I am attempting to parse a file with the following format

1999
I
Willem Jan van Steen         9859  77
Guillaume Kielmann           5264  77
Guillaume Bos                8200   6

(the file is much longer, and is seperated by academic year (as 1999) and different studies(as 'I'). The only thing i have to work with is the last number (like 77, 77, 6) This number is a percentage. In final goal is to make a BarChart consisting of 10 bars, the bar charts consist of the amound(sum) of times a percentage from the file falls into the range of the Bar Chart (say a bar chart from 70 to 80 % --> then if the above input is the whole file the sum would be 2, and the barchart will be of height 2. But my first problem is that i dont know how to parse the input.. I was thinking that python should read the lines and then from the index (so making a range) on which the percentage number starts to 'do somethinh' with the numbers (--> look in which range of bar chart they fall and then make a loop for the sum of how many times a percentage falls in that Bar Chart..)

Hope someone can help me!

Martijn Pieters
  • 1,048,767
  • 296
  • 4,058
  • 3,343
  • Welcome to Stack Overflow! It looks like you want us to write some code for you. While many users are willing to produce code for a coder in distress, they usually only help when the poster has already tried to solve the problem on their own. A good way to demonstrate this effort is to include the code you've written so far, example input (if there is any), the expected output, and the output you actually get (console output, stack traces, compiler errors - whatever is applicable). The more detail you provide, the more answers you are likely to receive. Check the [FAQ] and [ask] – Inbar Rose Nov 21 '13 at 10:36

1 Answers1

0

Use str.rsplit() to split a string into words, counting from the right. If you pass in None it'll split on arbitrary-width whitespace, giving you neat stripped strings, and a count, letting you keep whitespace in the first column.

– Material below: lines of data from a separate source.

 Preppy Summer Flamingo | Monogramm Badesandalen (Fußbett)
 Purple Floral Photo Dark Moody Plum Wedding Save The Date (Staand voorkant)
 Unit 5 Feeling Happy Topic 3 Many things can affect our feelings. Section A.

Short demo of what that means:

>>> 'Willem Jan van Steen         9859  77\n'.rsplit(None, 2)
['Willem Jan van Steen', '9859', '77']

Here the spaces in the name are preserved, but the two numbers at the end are now separate elements in a list. The newline at the end is gone.

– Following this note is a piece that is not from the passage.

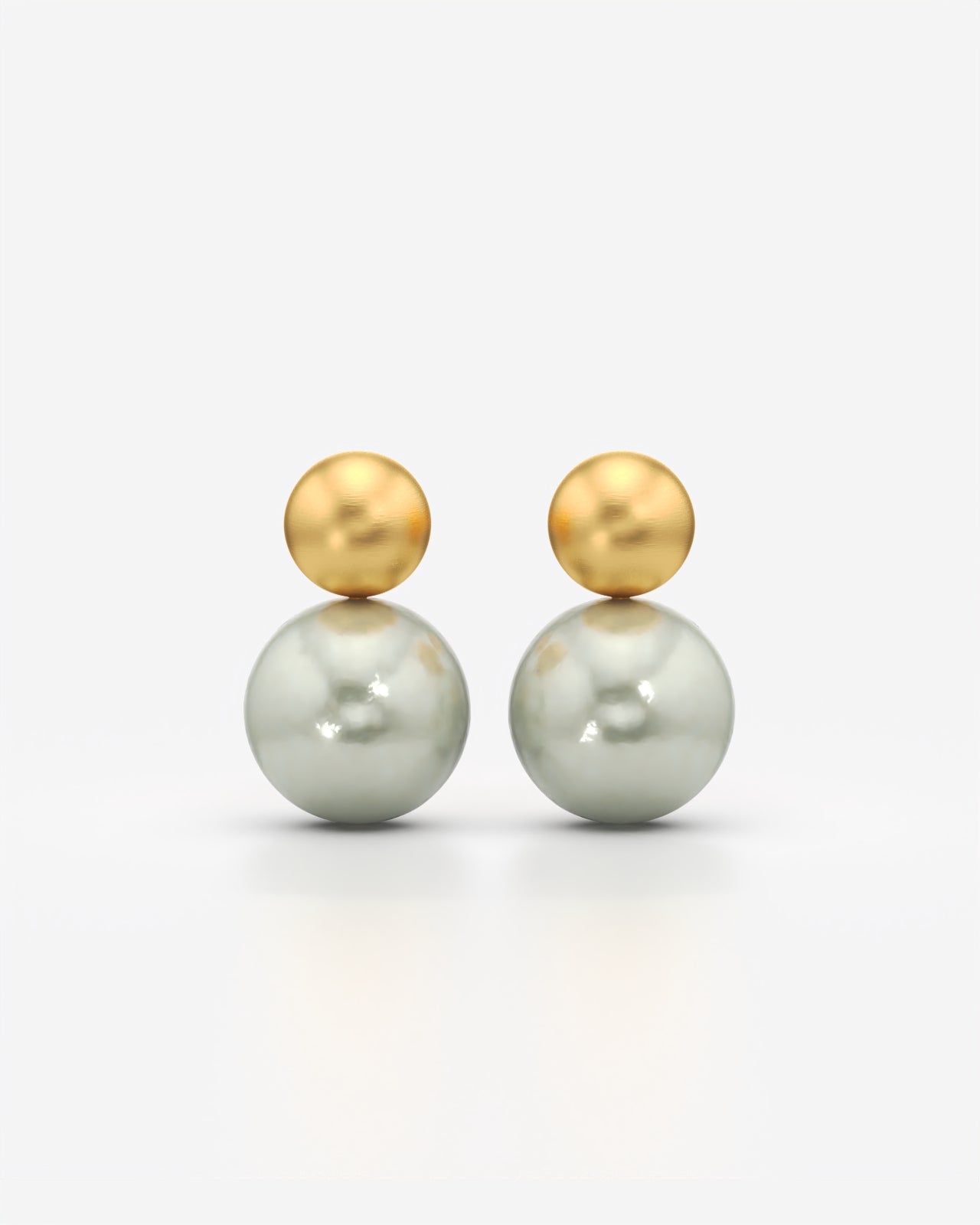 Double Sphere Pearl Stud Earrings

If you loop over an open file object, you get separate lines, giving you a method to parse a file line by line:

with open(inputfilename) as inputfh:
    for line in inputfh:
        columns = line.rsplit(None, 2)
        if len(columns) < 3:
            continue  # not a line with name and numbers
        percentage = int(columns[2])
        if 70 <= percentage <= 80:
            # we have a line that falls within your criteria
Martijn Pieters
  • 1,048,767
  • 296
  • 4,058
  • 3,343